Sudah lupa berapa orang pemilih persisnya, namun mungkin ada sekitar 20-an orang. Mereka ngotot dan tidak mau menerima penjelasan dari KPPS, PPS, pun PPK. Tuntutannya agar dihadirkan secara langsung KPU Kota Banjarbaru. Setelah menyelesaikan hal lain, yang sebenarnya juga belum selesai, ditambah lagi tidak ada anggota lain yang dapat bersedia mendatangi, akhirnya kuputuskan untuk datang langsung ke lokasi.

Ditemani oleh 1 orang rekan sekretariat dan 1 orang petugas pengamanan dari kepolisian, serta dalam kondisi hanya mengenakan baju kaos yang sudah penuh keringat plus hanya sempat memakai sendal jepit, kami mendatangi lokasi di mana TPS itu berada.

Sesampainya di TPS, terlihat suasana memang tidak sebagaimana harusnya.
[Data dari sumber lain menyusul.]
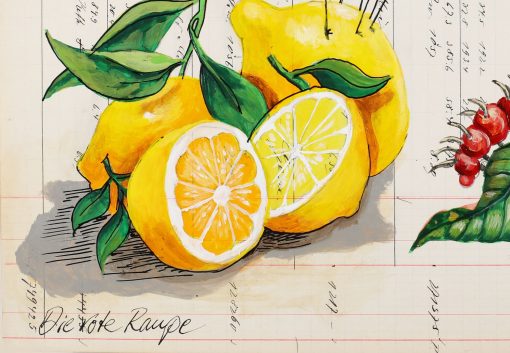 Thomas Gatzemeier Die rote Raupe eine Detaildarstellung der fein gemalten Zitronen mit der Betitelung des Künstlers unten links.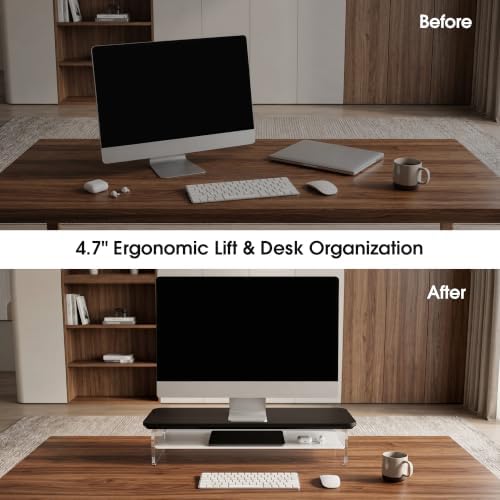 Fenge 23.6" Monitor Stand with Clear Acrylic Legs, Black - Image 6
Tampak ketegangan dan tentu saja sebagaimana informasi awal, penghitungan suara belum dilakukan. Akhirnya aku mengambil tempat, duduk, dan memulai pembicaraan dengan diawali memperkenalkan diri sekaligus menyampaikan permohonan maaf karena baru saja bisa datang, dan dalam keadaan yang dapat dikatakan berantakan.

Kemudian kucoba mendengarkan keluhan dan tuntutan yang disampaikan oleh para pemilih tersebut, sembari sesekali melontarkan pertanyaan untuk memperjelas duduk permasalahan. Tuntutan mereka jelas, agar memperoleh surat suara dan dapat memilih, atau memberikan suaranya.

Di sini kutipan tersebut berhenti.